--- Dataset content ---

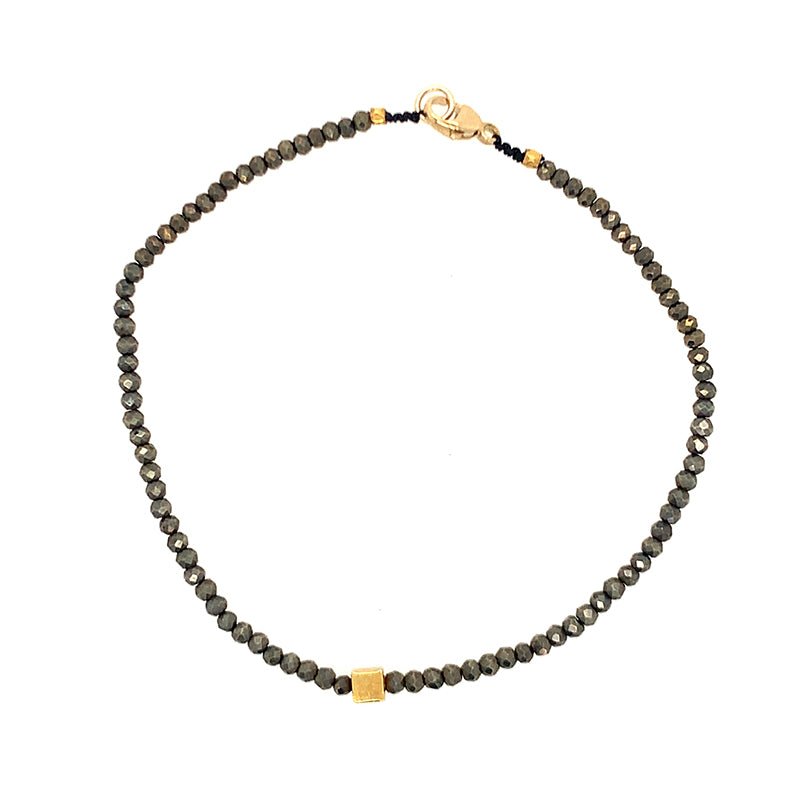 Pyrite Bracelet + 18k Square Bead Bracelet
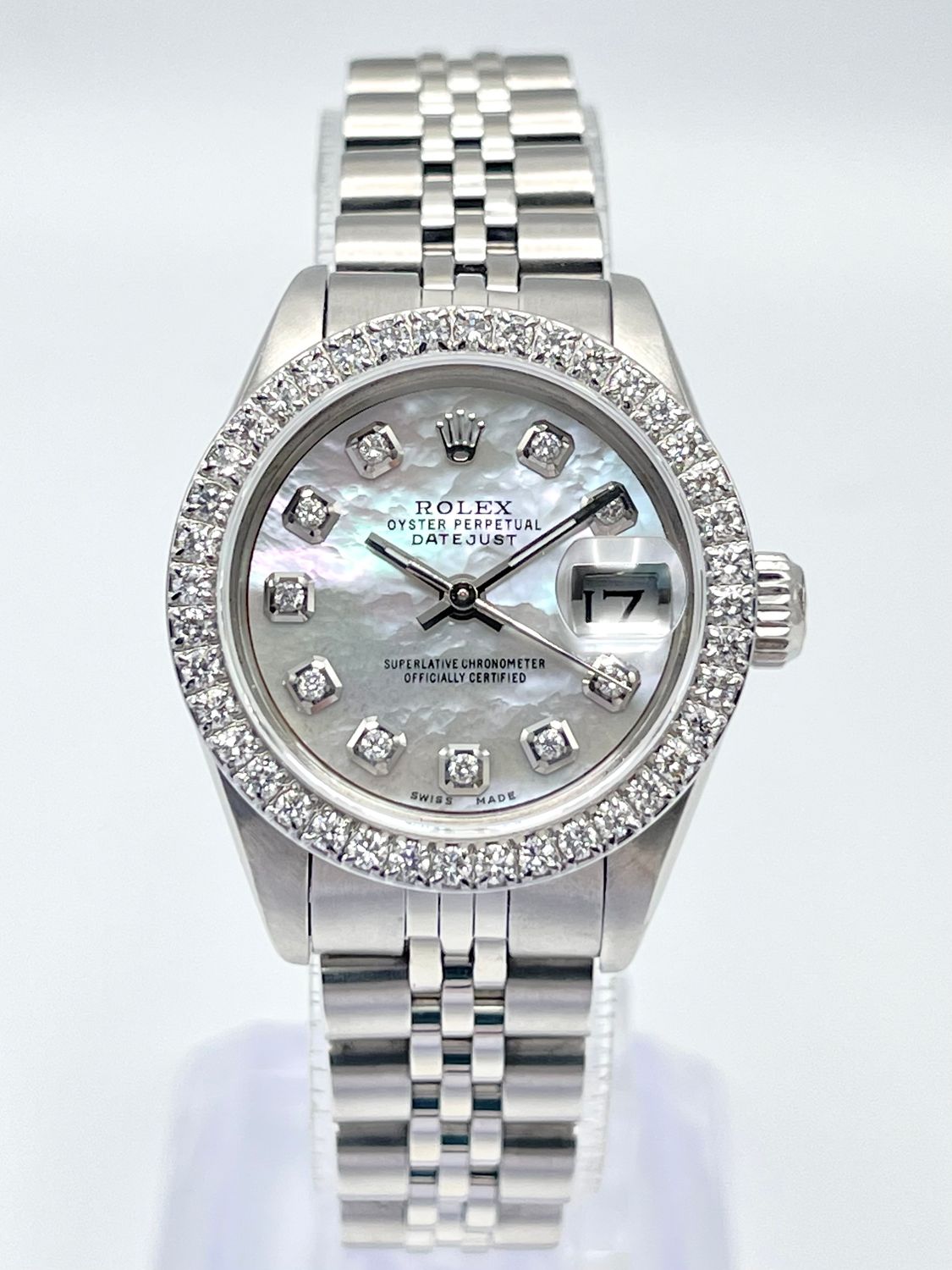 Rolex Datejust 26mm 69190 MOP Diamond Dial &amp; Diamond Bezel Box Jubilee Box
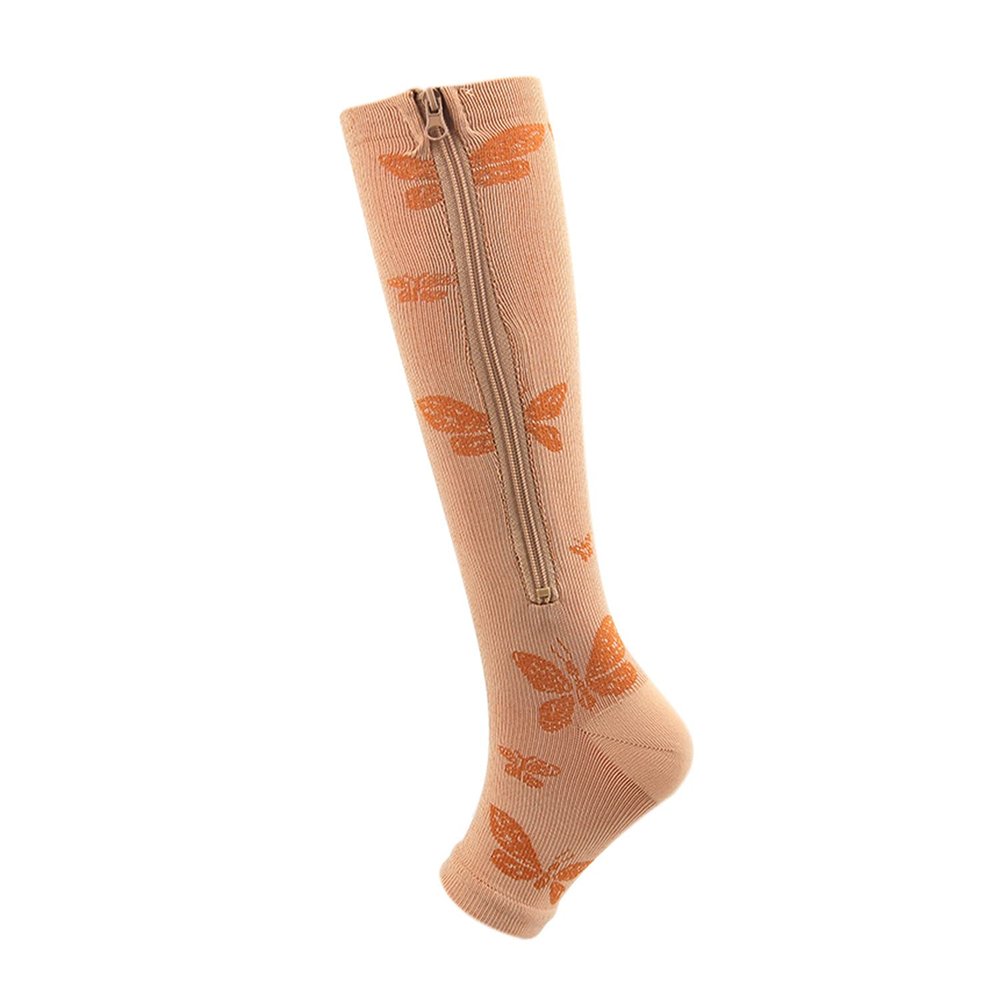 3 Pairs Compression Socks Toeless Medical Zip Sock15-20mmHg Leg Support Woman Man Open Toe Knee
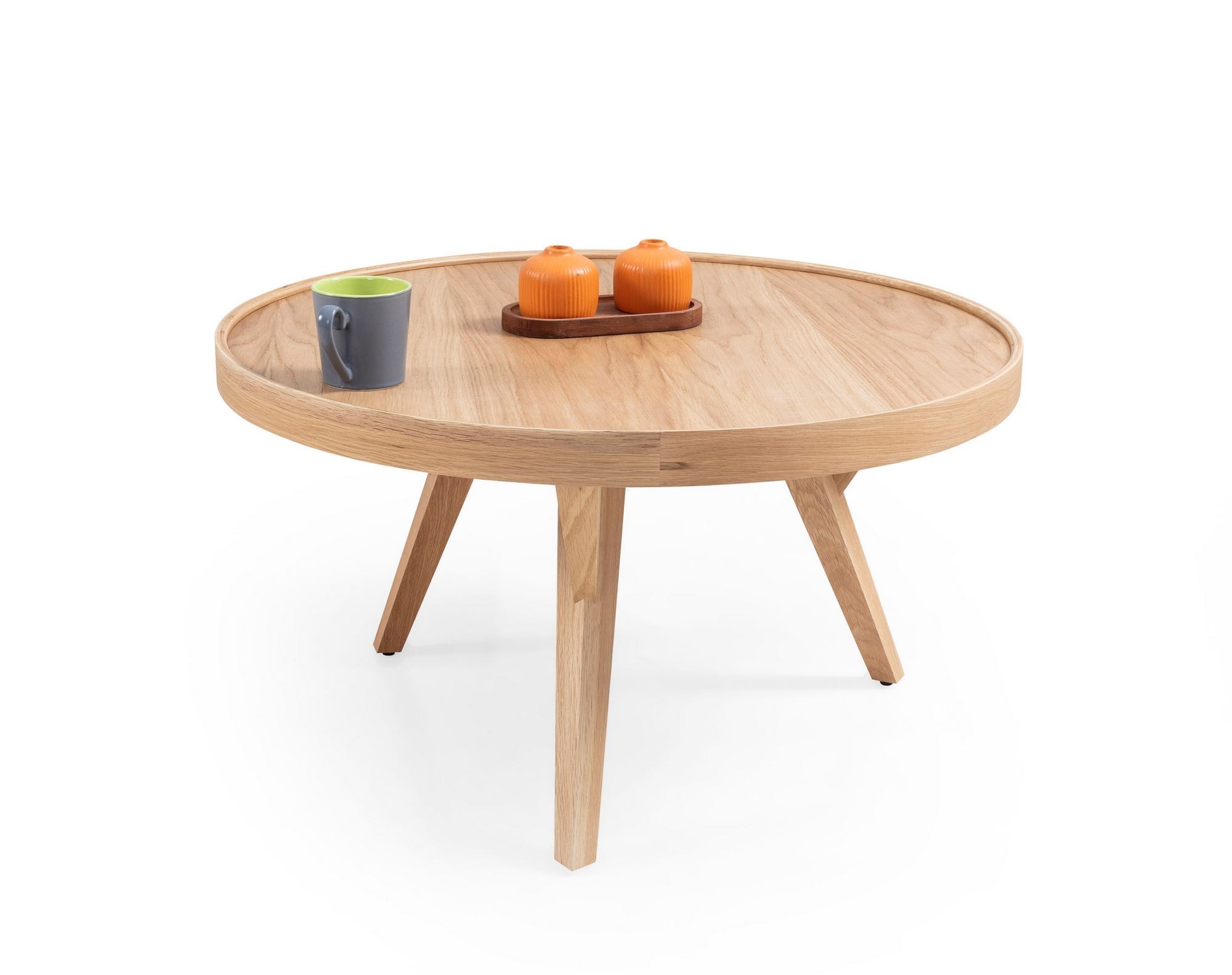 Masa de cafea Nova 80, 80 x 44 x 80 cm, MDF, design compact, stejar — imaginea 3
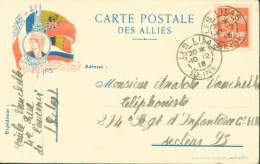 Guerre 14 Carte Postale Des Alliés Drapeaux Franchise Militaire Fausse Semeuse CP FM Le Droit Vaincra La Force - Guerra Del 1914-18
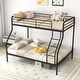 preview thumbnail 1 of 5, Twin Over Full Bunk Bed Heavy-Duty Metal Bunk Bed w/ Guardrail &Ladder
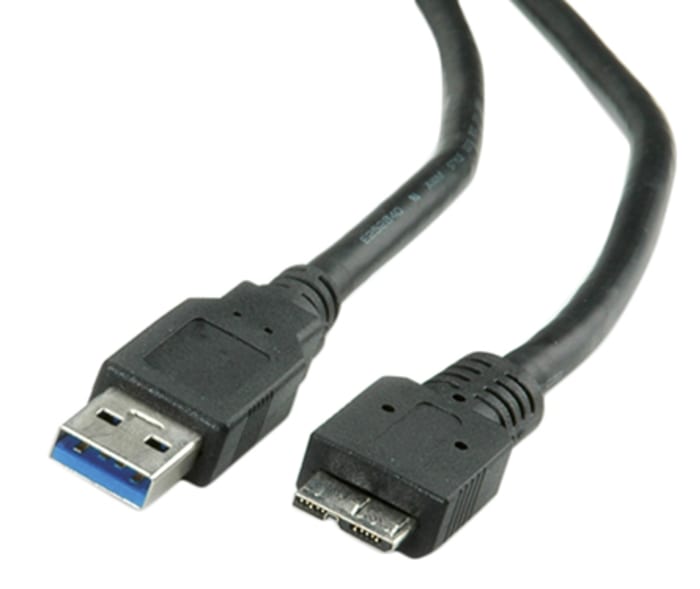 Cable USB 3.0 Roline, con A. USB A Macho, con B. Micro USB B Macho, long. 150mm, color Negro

---

▶ Instructions for the task
Repeat the data above exactly; images are not part of the copy.

▶ Written solution
 Pyrite Bracelet + 18k Square Bead Bracelet
 Rolex Datejust 26mm 69190 MOP Diamond Dial &amp; Diamond Bezel Box Jubilee Box
 3 Pairs Compression Socks Toeless Medical Zip Sock15-20mmHg Leg Support Woman Man Open Toe Knee
 Masa de cafea Nova 80, 80 x 44 x 80 cm, MDF, design compact, stejar — imaginea 3
 Guerre 14 Carte Postale Des Alliés Drapeaux Franchise Militaire Fausse Semeuse CP FM Le Droit Vaincra La Force - Guerra Del 1914-18
 preview thumbnail 1 of 5, Twin Over Full Bunk Bed Heavy-Duty Metal Bunk Bed w/ Guardrail &Ladder
 Cable USB 3.0 Roline, con A. USB A Macho, con B. Micro USB B Macho, long. 150mm, color Negro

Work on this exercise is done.